In FY26, State Bank of India (SBI), the country’s largest bank, posted its highest-ever annual net profit of ~80,032 crore, up 12.9 per cent Y-o-Y. While Bank of Baroda, the second-largest state-owned lender, reported a FY26 profit of ~20,021 crore, Punjab National Bank’s net profit stood at ~16,904 crore during FY26.
“PSBs continued to register strong financial performance during FY26, reflecting sustained business growth, improved asset quality, record profitability and strong capital position”, the ministry said. It added that the improved performance demonstrates the resilience, stability, and enhanced institutional capacity of PSBs in supporting the credit needs of a fast-growing Indian economy.

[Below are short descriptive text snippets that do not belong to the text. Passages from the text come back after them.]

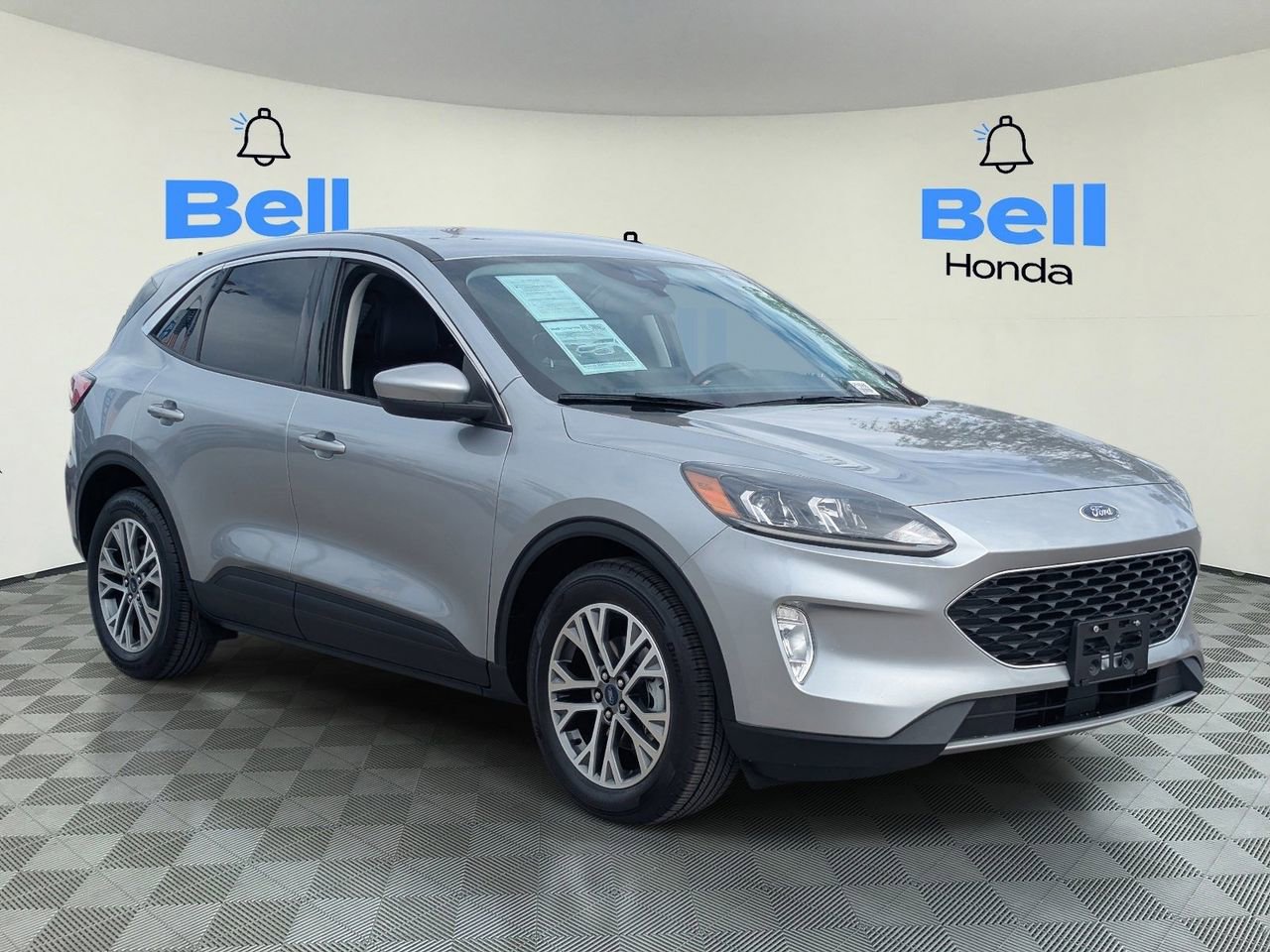 Used 2022 Ford Escape SEL FWD image 6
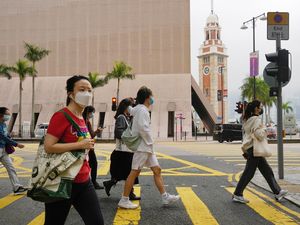 Hong Kong Pangkas Durasi Karantina Luar Negeri Jadi 14 Hari Hong Kong Pangkas Durasi Karantina Luar Negeri Jadi 14 Hari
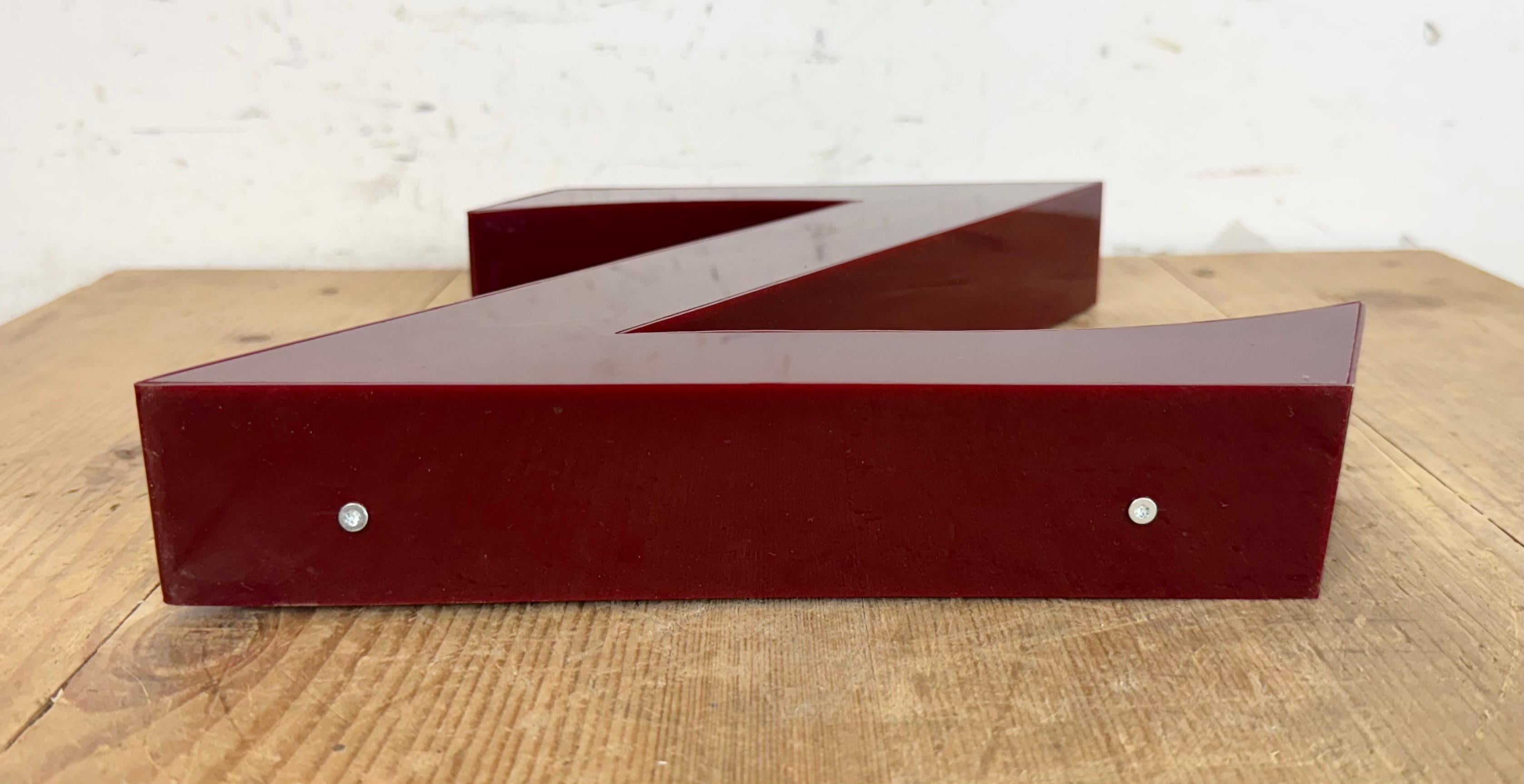 Plastique Lettre Z vintage illuminée en rouge foncé, années 1980 en vente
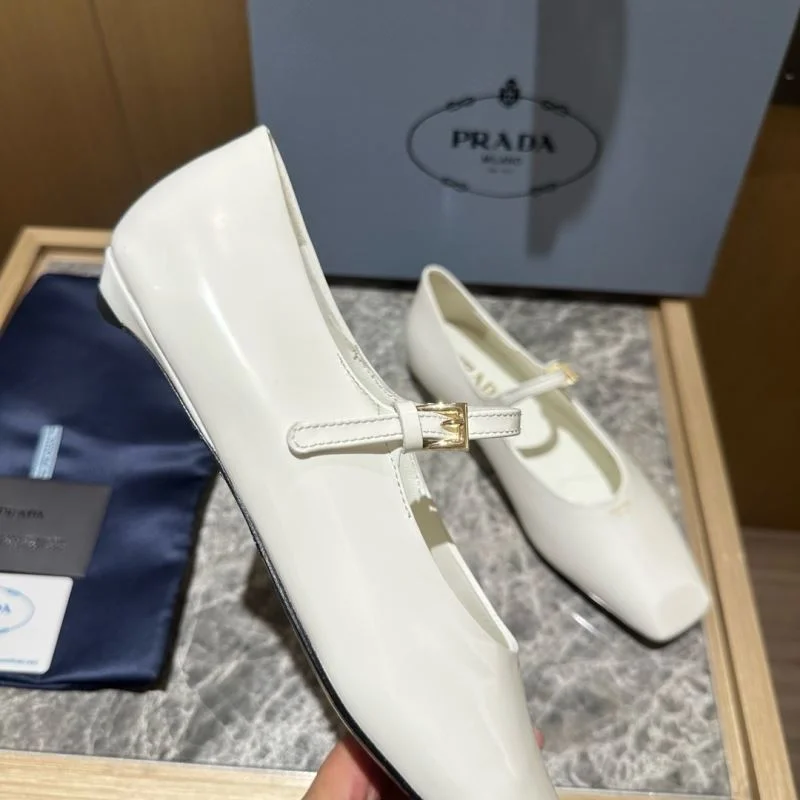 Durable Prada Low Shoes 34820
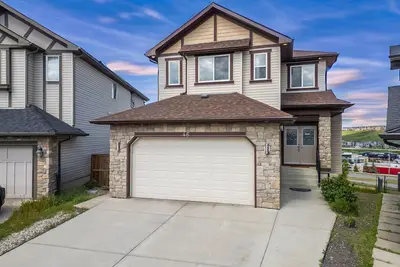 Image de Luxury Lakeview Home w/ King Beds & Jacuzzi @ 18-min to Airport, 80-min to Banff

The aggregate business of PSBs increased to ~283.3 trillion, up 12.8 per cent Y-o-Y in FY26, with aggregate deposits rising 10.6 per cent Y-o-Y to Rs 156.3 trillion and advances increasing 15.7 per cent Y-o-Y to ~127 trillion.
“Credit growth in the retail, agriculture, and MSME (RAM) segments remained broad-based during FY26. RAM advances grew by 18.1 per cent, 15.5 per cent, and 18.2 per cent, respectively, reflecting the important role of PSBs in supporting entrepreneurship, strengthening financial inclusion, and enabling broad-based economic growth,” the ministry said.
While business growth remained robust, the asset quality of PSBs also improved in FY26, with the gross non-performing assets (NPA) ratio declining to 1.93 per cent and the net NPA ratio falling to 0.39 per cent as of March 2026, reflecting historically low levels of stressed assets. In March 2025, the gross NPA ratio of PSBs stood at over 2 per cent, while the net NPA ratio was above 0.5 per cent.
Additionally, fresh slippages continued to decline during FY26, with slippage ratio reducing to 0.7 per cent. Total recoveries, including recoveries from written-off accounts, stood at ~86,971 crore, reflecting improved recovery mechanisms and better credit discipline across PSBs, the statement said.
Separately, their capital position remained healthy, with the Capital to Risk Weighted Assets Ratio (CRAR) improving to 16.6 per cent as of March, supported by internal accruals, retained earnings, and capital raising of ~50,551 crore during FY26. All PSBs maintained CRAR well above the regulatory requirement of 11.5 per cent, providing an adequate cushion for continued lending growth.
The ministry also noted that the operational efficiency of PSBs improved in FY26, with the cost-to-income ratio improving to 49.67 per cent, reflecting better cost management and gains from technology adoption and digital transformation initiatives.
The ministry said the continued improvement in the performance reflects the Indian economy’s resilience and the government’s sustained reforms aimed at strengthening the banking sector through improved governance, technology adoption, enhanced credit discipline, and wider access to formal credit. These measures have contributed to lower stressed assets, improved operational efficiency, and a stronger financial position for PSBs,” the ministry said.
It added that PSBs are well-capitalised, profitable, and institutionally stronger, enabling them to effectively support India’s growth aspirations and contribute meaningfully towards the vision of Viksit Bharat by 2047.